REQUIRED WORK: Please return the listing below word for word, minus its pictures.

DATA PROVIDED:

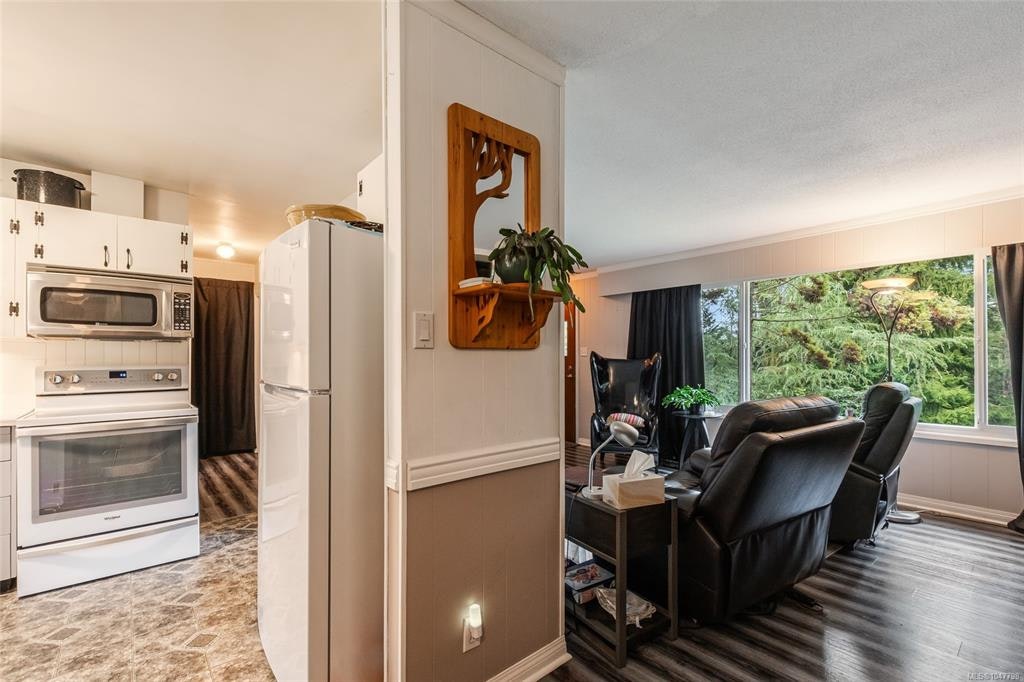 2371 Jingle Pot Road, Nanaimo, BC, V9R 6W2 - 21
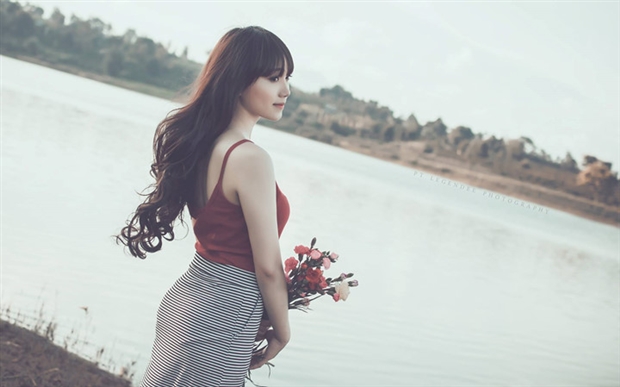 Trước việc người yêu đang nhận được rất nhiều lời tán tỉnh, Bảo Trân cho biết cô cảm thấy không quá lo lắng vì điều này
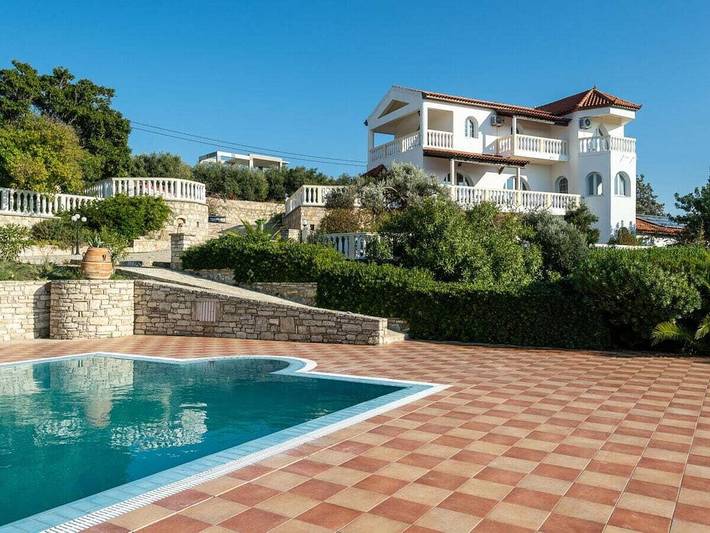 Ferienhaus für 8 Personen, mit Pool und Garten sowie Balkon in Pitsidia - 2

WORKED SOLUTION:
 2371 Jingle Pot Road, Nanaimo, BC, V9R 6W2 - 21
 Trước việc người yêu đang nhận được rất nhiều lời tán tỉnh, Bảo Trân cho biết cô cảm thấy không quá lo lắng vì điều này
 Ferienhaus für 8 Personen, mit Pool und Garten sowie Balkon in Pitsidia - 2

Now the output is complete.